[ il Mulino, Bologna 2014 ]
Si può vedere in questo libro piccolo ma ad alto peso specifico di Emanuele Coccia un esperimento, un’estensione coerente all’ambito etico (e alla cornice sociale delle grandi città), anche a costo di qualche «intelligente esagerazione», com’è stato scritto, delle conclusioni a cui Coccia era giunto nel libro precedente, La vita sensibile, del 2011. Lì Coccia costruiva, nella cornice di un pensiero dell’identità spiccatamente antisostanzialista, una «metafisica della veste» che vedeva il corpo anatomico immediatamente articolato con un secondo corpo, prostetico ornamentale e virtuale, fatto di oggetti. Questo corpo è la sede di una sorta di chiasma concettuale, perché in esso l’uomo si appropria dell’estraneo, ma anche aliena la propria intimità in un costume perfettamente pensabile e ripetibile senza quel sé che in un dato momento lo indossa. E se la vita può definirsi solo ricorrendo a questa dimensione supplementare che chiama in causa altri corpi, aggiungeva Coccia, allora la vita è definibile soltanto in termini etico-morali, e non ontologici.

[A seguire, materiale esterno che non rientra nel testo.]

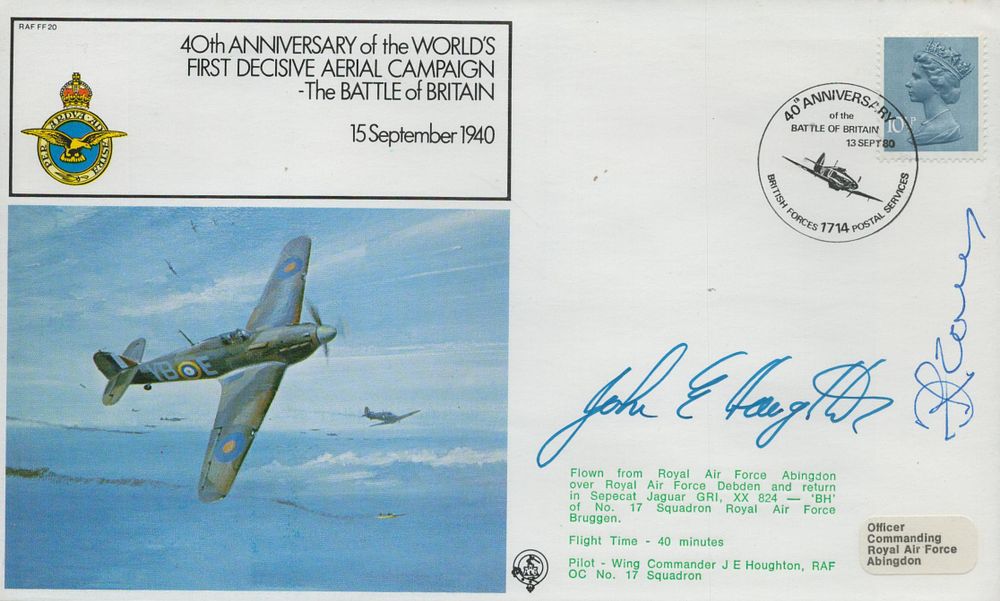 Lot 656: FDC John E. Houghton signed Pilot Wing Commander...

Il nuovo libro riparte da qui, con lo stesso stile filosofico dai morbidi panneggi e dagli insistiti, talvolta perfino troppo, rovesciamenti concettuali chiusi da formule di sintesi sorprendenti e spesso felici. Riparte dagli oggetti in cui ci proiettiamo e che facciamo nostri, e si chiede quale sia oggi lo statuto di tutti questi oggetti; la risposta ovvia è che si tratta di merci. Se dunque noi cerchiamo il nostro ethos e il nostro bene, la nostra felicità, negli oggetti, allora la merce «è l’ultimo nome del bene»: il gesto fondamentale del libro sta nell’assumere non ironicamente e nello sviluppare questa posizione.

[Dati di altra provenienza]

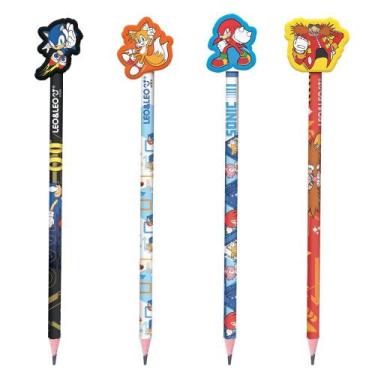 Imagem de Kit com 2 Lápis HB com Borracha na Ponta Sonic Sortidos  LeoLeo - leon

Il calligramma sulla copertina, e la riscrittura, con cui il libro prende avvio, degli incipit del Capitale e della Società dello spettacolo, dicono quanto sia importante anche per Coccia la natura di immagine con cui la merce, oggi come ieri, si presenta al popolo dei consumatori. Buona parte del libro è dedicata a descrivere il panorama urbano, e soprattutto quella che si potrebbe chiamare la pelle della città, i muri ricoperti dalle grandi insegne pubblicitarie. Non ha importanza, dice Coccia, che il mondo a cui le pubblicità sembrano riferirsi non esista (qui si percepisce bene l’insistenza sull’etica ai danni dell’ontologia), ciò che conta è che le pubblicità suggeriscano norme di comportamento o dettino stili di vita illustrando le merci come «intensità morali», capaci di muovere la nostra immaginazione. È un «catechismo anonimo» quello che ci si rivolge dai muri, la superficie animata della città, supporto inorganico che si fa medio di trasmissione in quella che l’autore chiama, con una delle sue formule più riuscite, «mineralogia dello spirito».

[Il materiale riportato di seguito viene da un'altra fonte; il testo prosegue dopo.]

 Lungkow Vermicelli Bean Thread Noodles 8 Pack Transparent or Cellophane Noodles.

Secondo Coccia il fatto che proprio le merci abbiano sostituito dèi, eroi e cosa pubblica sui muri delle città non può essere casuale, e testimonia che la mercificazione degli oggetti non risponde solamente alla necessità di vendere. Il valore dell’oggetto-merce non scompare all’atto del suo acquisto. In uno dei passaggi più estremi, l’autore, in piena fedeltà al suo libro precedente, afferma che nel rapporto con le cose si condensa «l’intero essere al mondo dell’uomo»: nel consumo l’uomo «costruisce il proprio mondo», dando nel contempo evidenza alle categorie culturali che lo informano, e il rapporto con le cose contribuisce a cambiare il volto del mondo («cosmologia mobile» è dunque tale rapporto, con quel gusto della stilizzazione dell’eccesso che il lettore impara presto ad aspettarsi).
A un allargamento del quadro di ricerca corrisponderebbe probabilmente l’attenuazione di tesi che qui suonano un po’ perentorie. Ma studiare, mettendo la sordina ai molti giudizi negativi pronunciati dal pensiero novecentesco, la «morale integralmente intramondana» proposta dalla pubblicità e dal suo «paradiso di cose» è un tentativo che merita il più grande interesse.